California Elementary Schools To Test Anti-Piracy Curriculum
New submitter newbie_fantod writes "Ignoring the fact that the surest way to get a child to do something is to tell them not to, the RIAA and MPAA have developed an anti-piracy curriculum for kindergarten through grade 6. The pilot project is scheduled for testing in California schools later this year."
Mitch Stoltz, an EFF attorney, isn't impressed: “It suggests, falsely, that ideas are property and that building on others’ ideas always requires permission,” Stoltz says. “The overriding message of this curriculum is that students’ time should be consumed not in creating but in worrying about their impact on corporate profits.”
It's worked for years with every other product...
Get them while they're young and you'll have a "___________" (insert appropriate noun here) for life... Customer, slave, zealot, etc...
The only problem is that government is allowing corporations to push their agenda in the classroom... It wasn't enough to have it at the beginning of every one of their Disney movies --you know, the ones that kids watch ad infinitum, now they're allowed to spread their FUD in the schools, too!
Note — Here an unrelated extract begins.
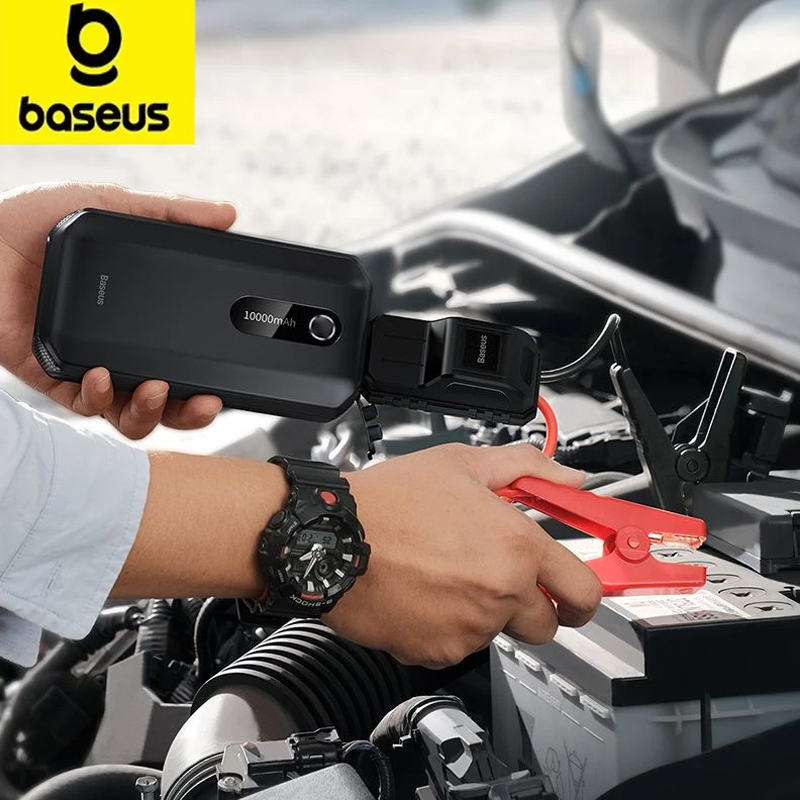 Baseus 車のジャンプスターター始動装置 1000A ジ - Power Banks のレビューと価格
Yay!
How long before we see "Lunch! Sponsored by McDonald's", etc...
That's not the only issue at play here...
The backers for this program (RIAA/MPAA) are all wealthy, so their kids will never see these things in school. They'll be free from the propaganda and allowed to be creative and free. But, not the common man, because he can't afford freedom...
Hrmm... I wonder if that's how this is supposed to work... Freedom for those that can afford it...
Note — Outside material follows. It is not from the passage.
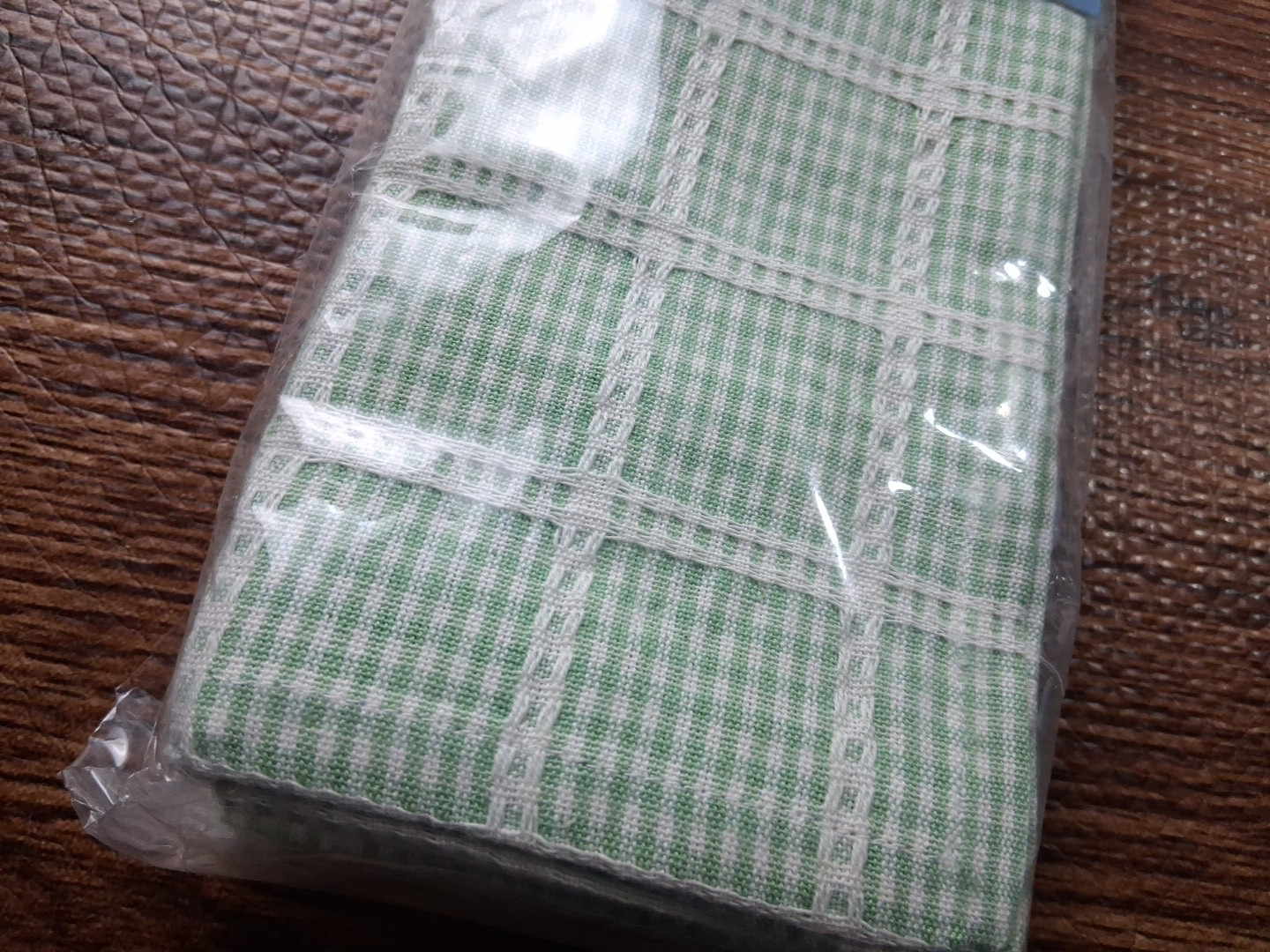 Pavilion Collection 4 Green Fabric Napkins India Cotton NIB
Makes me wonder if there'll ever be a Star Trek-esque Utopia...
"Helping to keep you two steps ahead of the Thought Police!"
Most family's are forced to send there child to public schools by there circumstances. What idiot is letting a private organization force propaganda on them DARE was bad enough.
No sir I dont like it.
Maybe it would be better to pay religions to convince the faithful that they will be tortured in Hell for copying things. Religions have a lot more experience with this kind of thing. I mean, WWJD? Would he download that torrent? Really? (Ignoring the incident with the money changer's tables for a moment.)
with beginning grad students. In papers, they often feel like they have to cite every . last . factual . assertion . and . word . that . they . use, to the point of having paragraphs with 20 citations in them, unreadable. But they're so terrified of "plagiarism" and heard that lecture so many times at the beginning of so many classes that it's hard to talk them out of citing Pythagorus or some writing about him when using the Pythagorean theorem, Perskyi when using the word "television," and so on. Exhausting.
As an analog to this, they often hesitate to say anything new (i.e. anything they can't find a citation for). It's as though they feel like only institutions and the famous have license to make new things in the world, and then be cited. It recalls for me the similar divide between creators/consumers, with a hard territorial border in between the two camps, that RIAA/MPAA/BSA et. al. have tried to inculcate into the cultural consciousness.
STOP . AMERICA . NOW
Science is about copying. Civilization is about copying. Human culture, and maybe even what is being human is about copying. We would never be where we are if a lot of people weren't standing on the shoulders of giants. Denying copying is worse than asking to reinvent the wheel each time, is forbidding to invent or use it because someone else have the exclusive rights over a basic, common sense idea.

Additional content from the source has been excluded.